Phase 1: Core Context Infrastructure

  • Implement TNHContext class with discovery logic
  • Add workspace root discovery (upward walk algorithm)
  • Integrate platformdirs for OS-appropriate user config paths
  • Create JSONC config file loader
  • Unit tests for context discovery and layer precedence

Phase 2: Configuration Schema

  • Define Pydantic models for config schema
  • Create JSON Schema for VS Code IntelliSense
  • Implement ownership-based precedence resolver
  • Add config validation with clear error messages
  • Document config file format and available options

Phase 3: Subsystem Integration

  • Update GenAI Service to accept and use TNHContext
  • Refactor RegistryLoader to use context search paths
  • Update tnh-gen CLI to discover and inject context
  • Migrate pattern system from TNH_PATTERN_DIR environment variable to context
  • Remove legacy global constants incrementally (one subsystem at a time)
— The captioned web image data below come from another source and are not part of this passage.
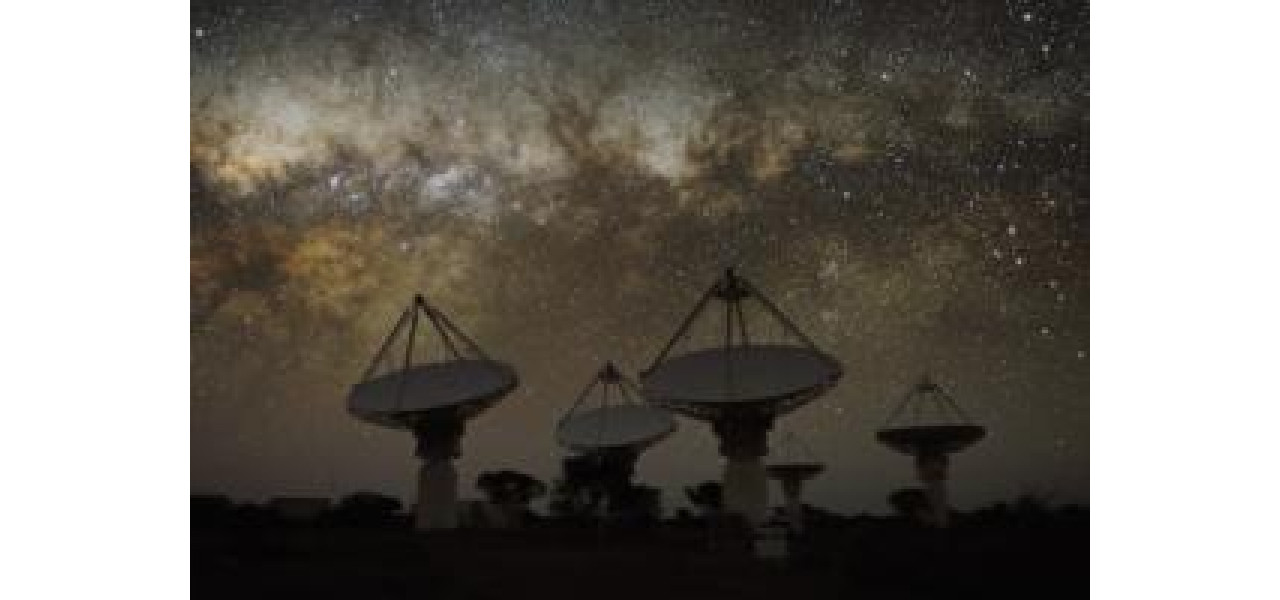 Proiectul Telescope Array cauta raspunsuri din cer.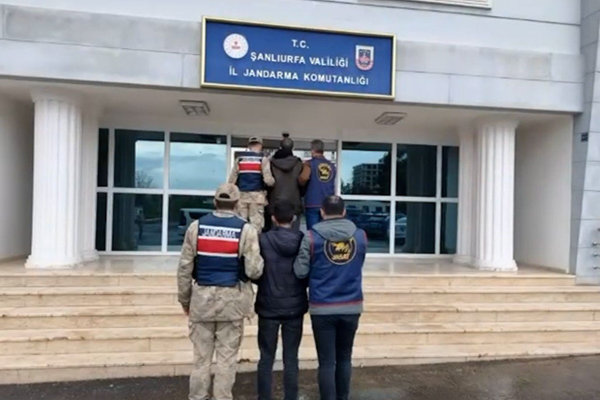 Şanlıurfa’da aranan 2 şahıs yakalandı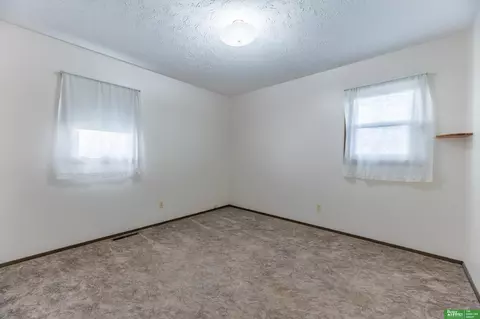 303 Eldora Ave, Weeping Water, NE 68463 photo 9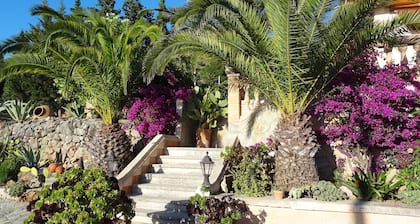 Bezaubernde Finca mit Privat- Pool und idyllischem Palmengarten mit WLAN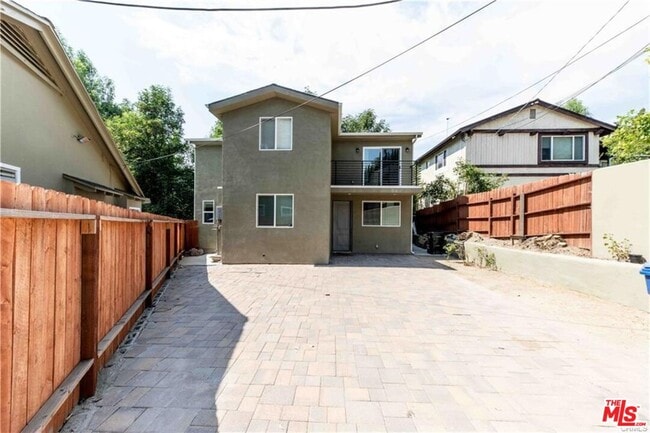 22849 MacFarlane Dr in Los Angeles, CA - Building Photo - Building Photo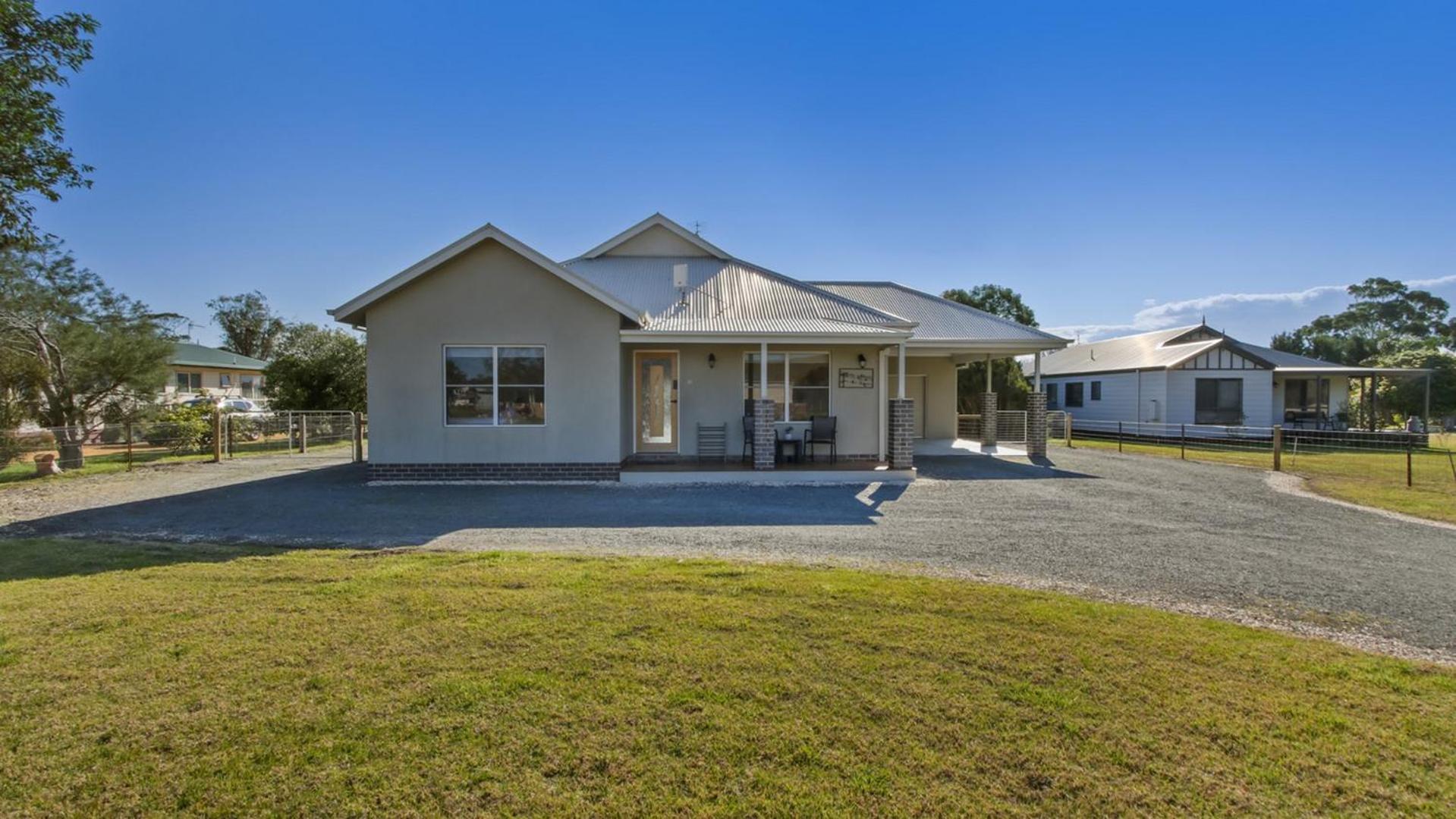 The Metung Crest - Spacious Family Retreat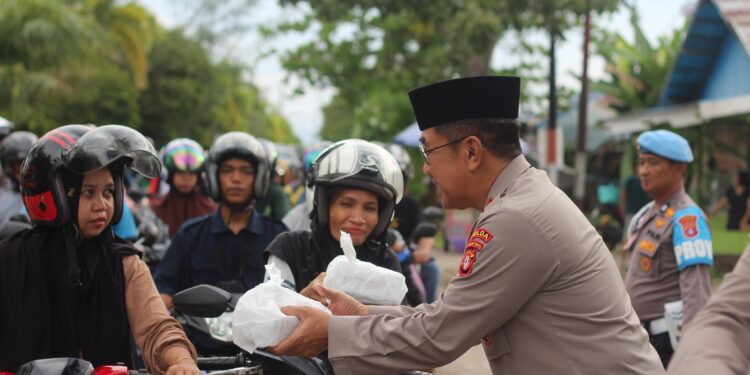FOTO: MATAKALTENG - Kapolda Kalteng, Irjen Pol Djoko Poerwanto, pada saat membagikan takjil kepada masyarakat di Kabupaten Kapuas.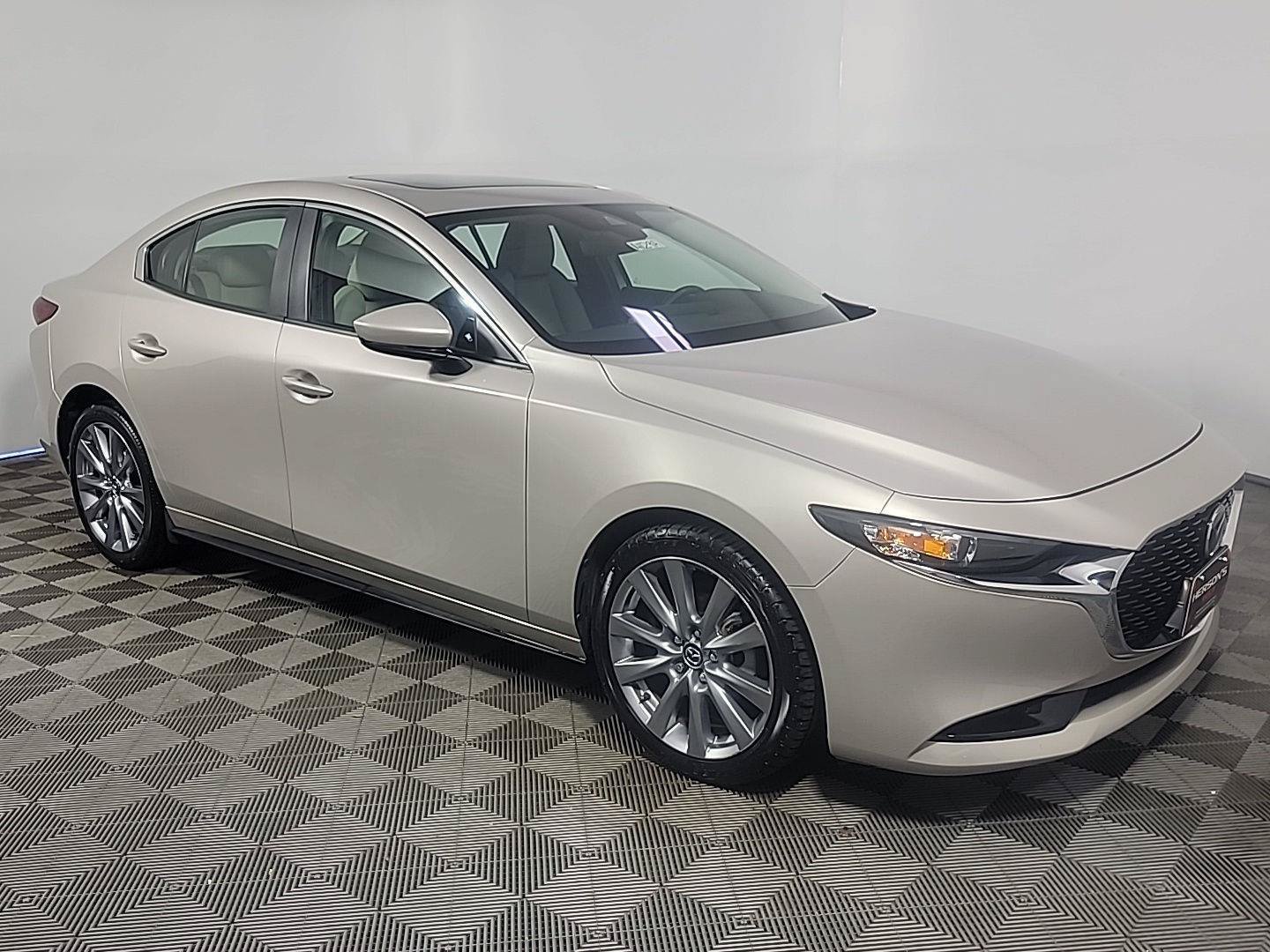 Used 2023 MAZDA MAZDA3 s FWD image 1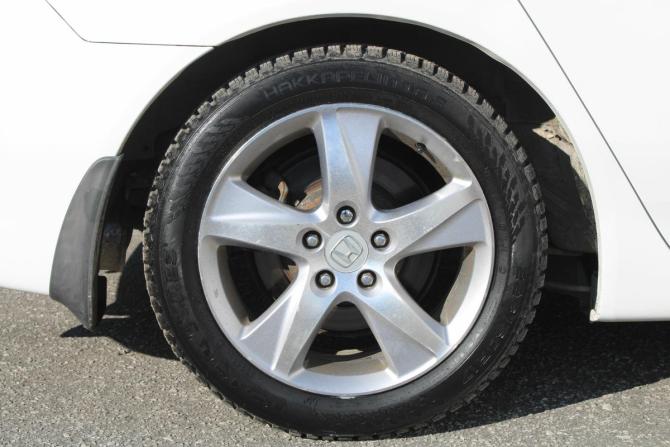 Honda Accord VIII Рестайлинг с пробегом 2012 года, цена 1 380 000 рублей, 236000 км, седан, Автокод Объявления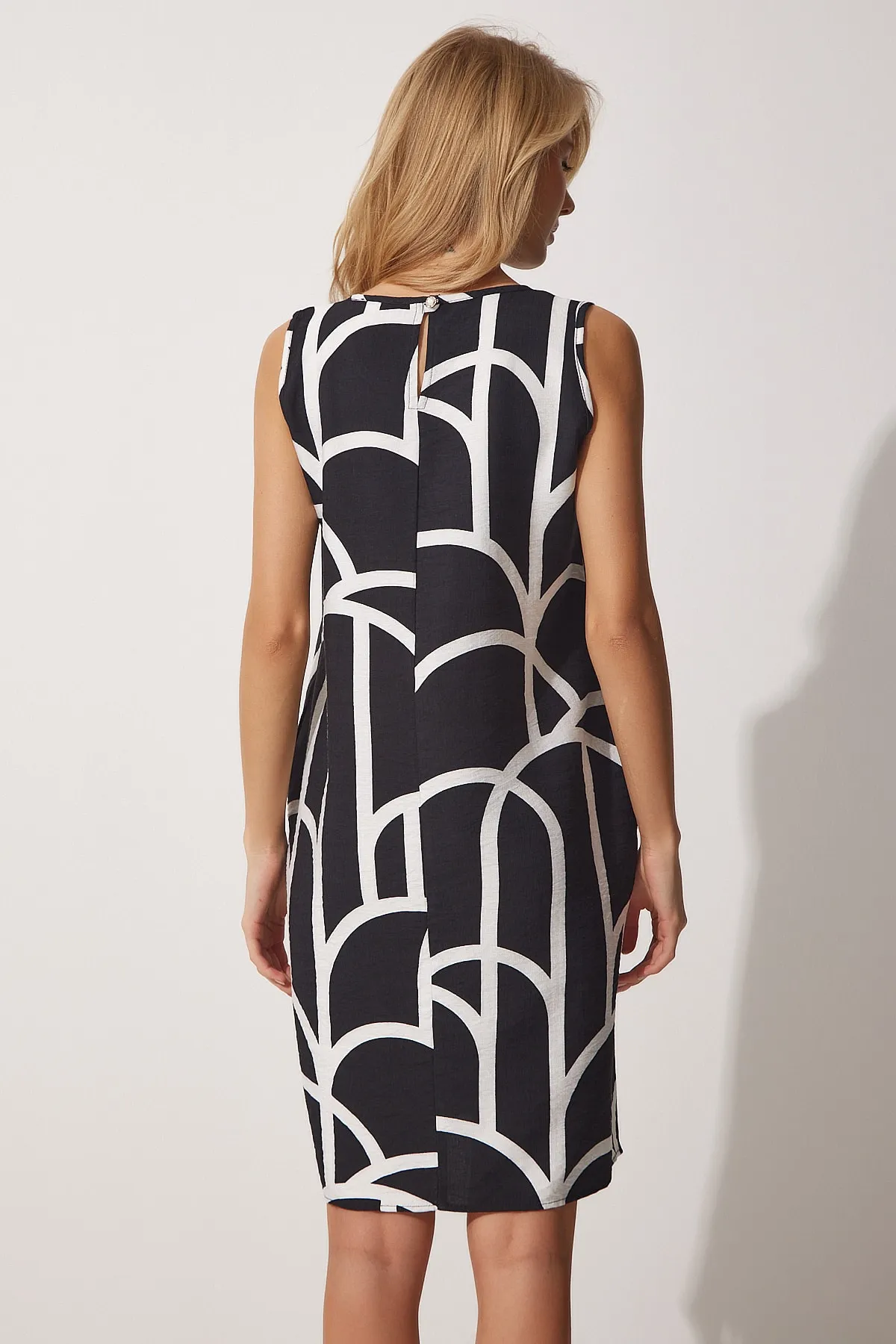 Happiness İstanbul  Schwarz gemustertes Sommer-A-Linien-Kleid für Damen BV00053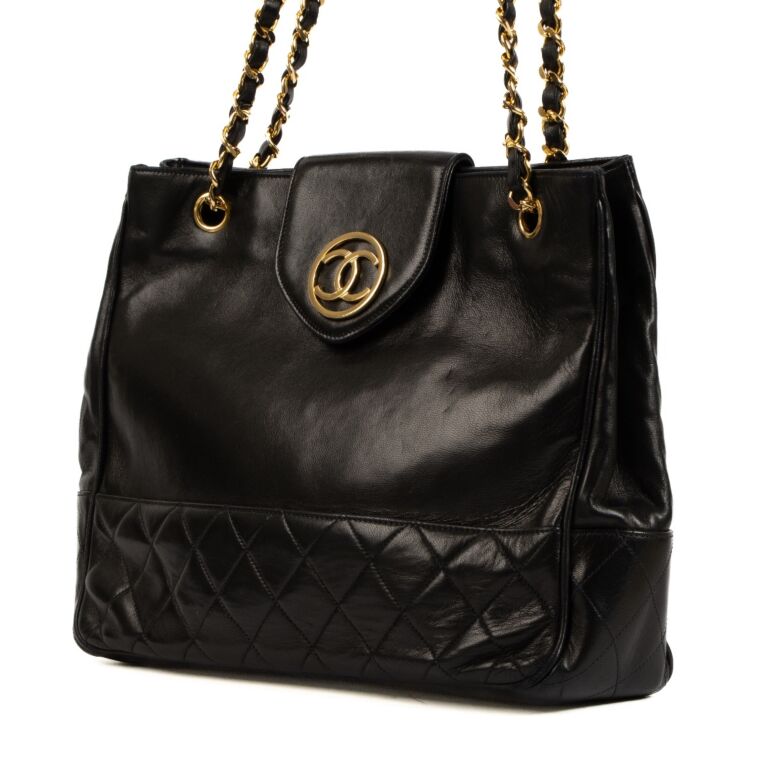 Chanel quilted clearance chain shoulder bag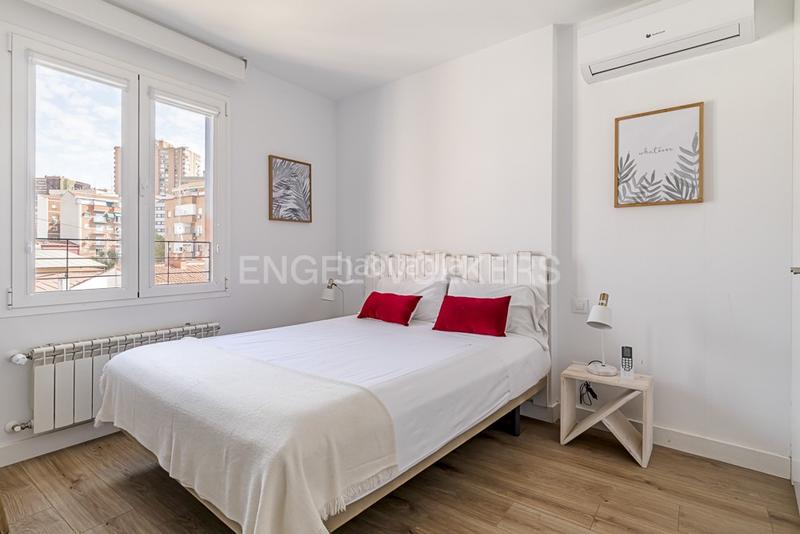 Foto f150809d-382d-49c7-bdfe-7dc6ba3ec835. Alquiler apartamento luminoso ático de un dormitorio en calle limonero en alquiler en Madrid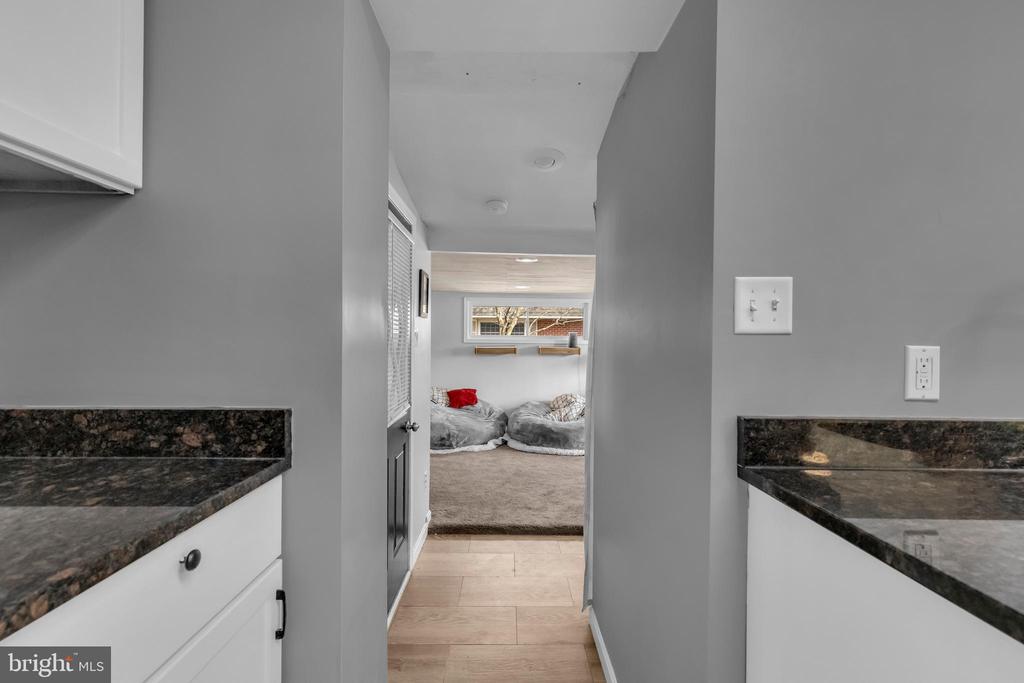 302 Gloucester Dr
Phase 4: Documentation & Tooling

  • Write user guide for three-layer configuration model
  • Document workspace setup and .tnh-scholar/ structure
  • Create config file examples for common use cases
  • Add VS Code settings schema for .tnh-scholar/config.jsonc
  • Update ADRs referencing old configuration patterns

Phase 5: Testing & Validation

  • Integration tests for multi-layer precedence scenarios
  • Test workspace discovery edge cases (nested git repos, monorepos)
  • Validate secret isolation (never leaked into workspace config)
  • Performance testing for discovery overhead
  • End-to-end testing with sample research projects


As-Built Notes & Addendums

This section will be populated during implementation. Never edit the original Context/Decision/Consequences sections - always append addendums here.